» **Aim of the exercise**: Here are some records; quote them exactly, leaving out the pictures.

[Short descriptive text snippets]
++++++++++

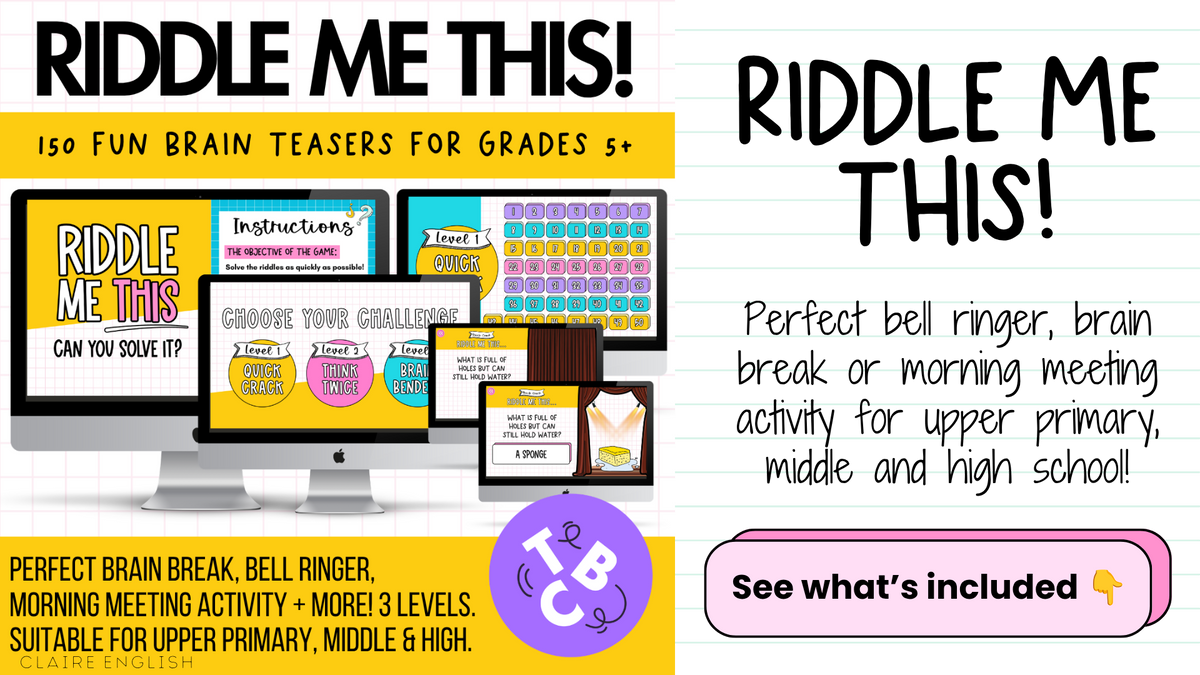 Riddle Me This! 150+ Brain Teasers | Brain Breaks, Bell Ringers | 3 Difficulty Levels!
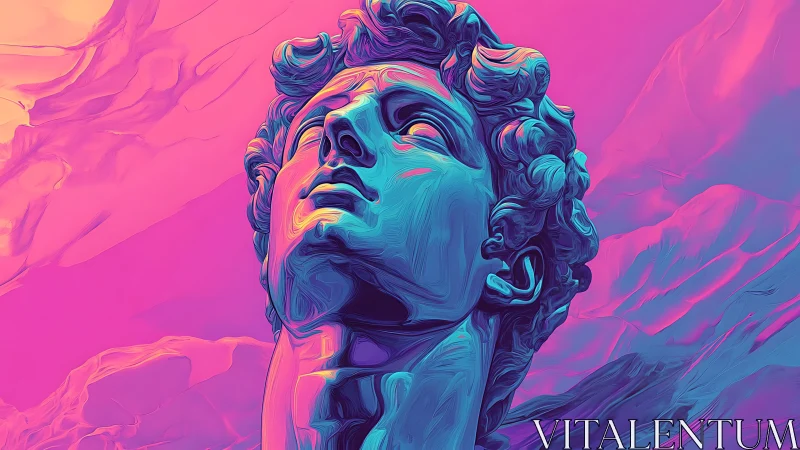 Neon-lit classical bust under gradient chromatic turbulence.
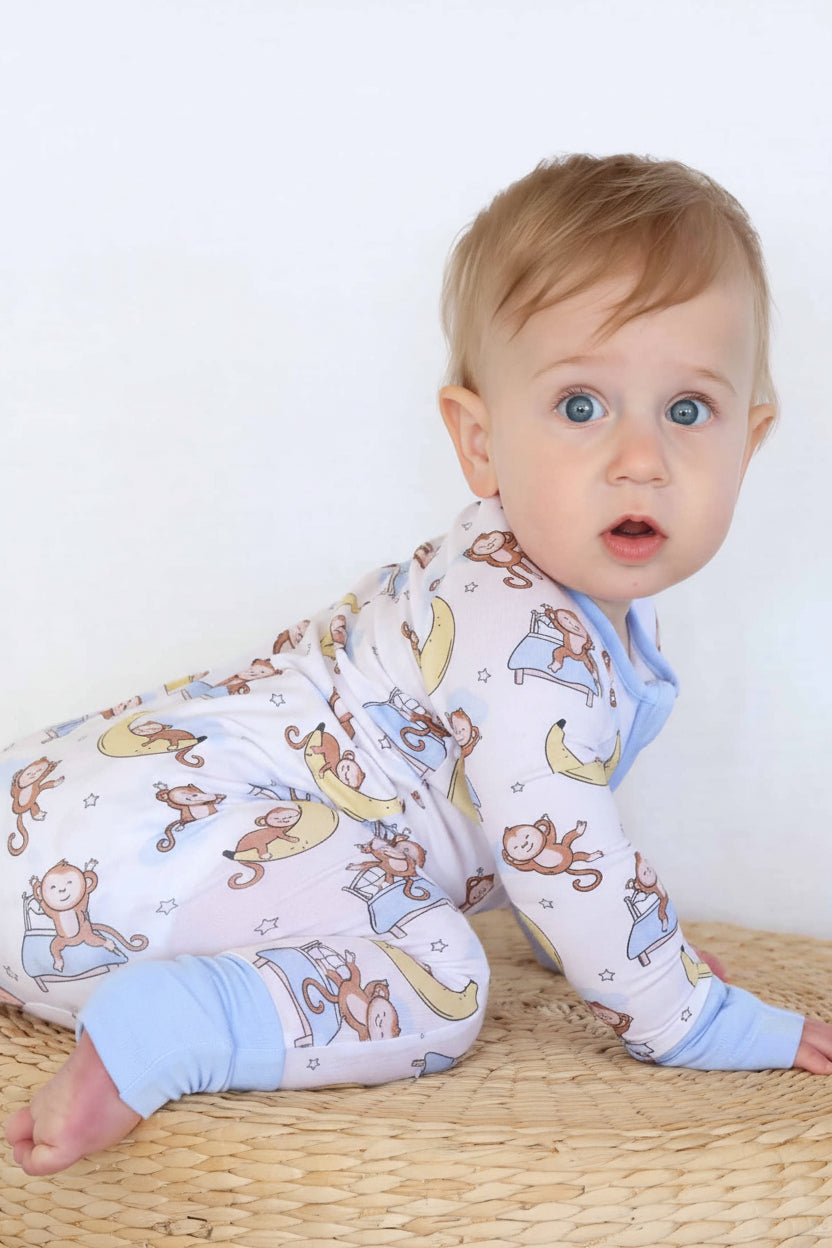 Monkey See, Monkey Snooze Convertible Zip Romper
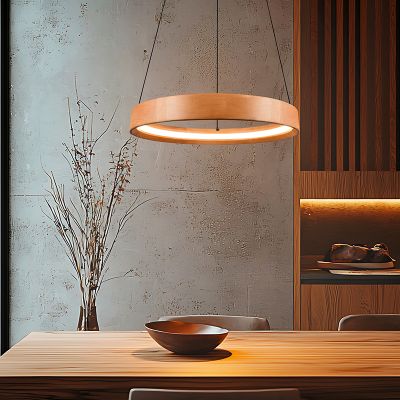 Retro függőlámpa fa, Nassima, 28 W, 3000 K LED, 3 fokozatban szabályozható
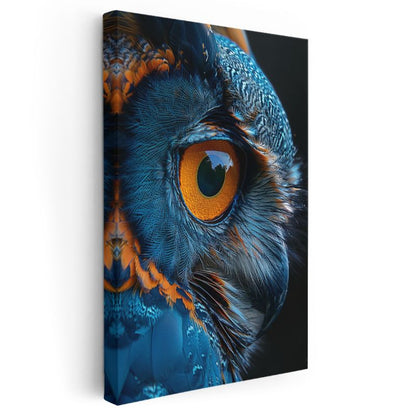 Baykuş Gözü - Mavi Turuncu Tüylerde Keskin Bakış Kanvas Tablo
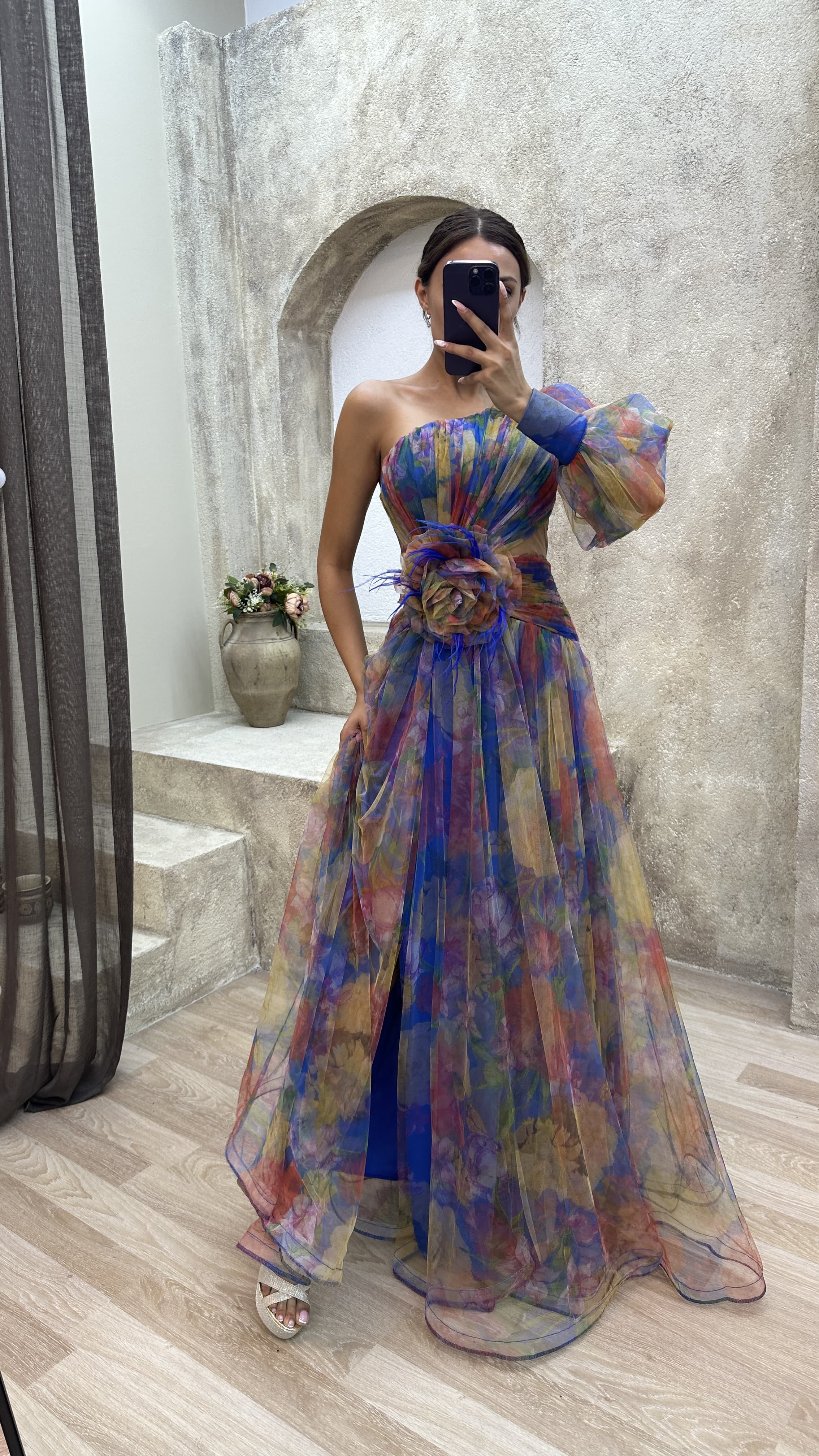 Floral one-shoulder flowy long-sleeved dress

++++++++++

» **Answer to this task**:
 Riddle Me This! 150+ Brain Teasers | Brain Breaks, Bell Ringers | 3 Difficulty Levels!
 Neon-lit classical bust under gradient chromatic turbulence.
 Monkey See, Monkey Snooze Convertible Zip Romper
 Retro függőlámpa fa, Nassima, 28 W, 3000 K LED, 3 fokozatban szabályozható
 Baykuş Gözü - Mavi Turuncu Tüylerde Keskin Bakış Kanvas Tablo
 Floral one-shoulder flowy long-sleeved dress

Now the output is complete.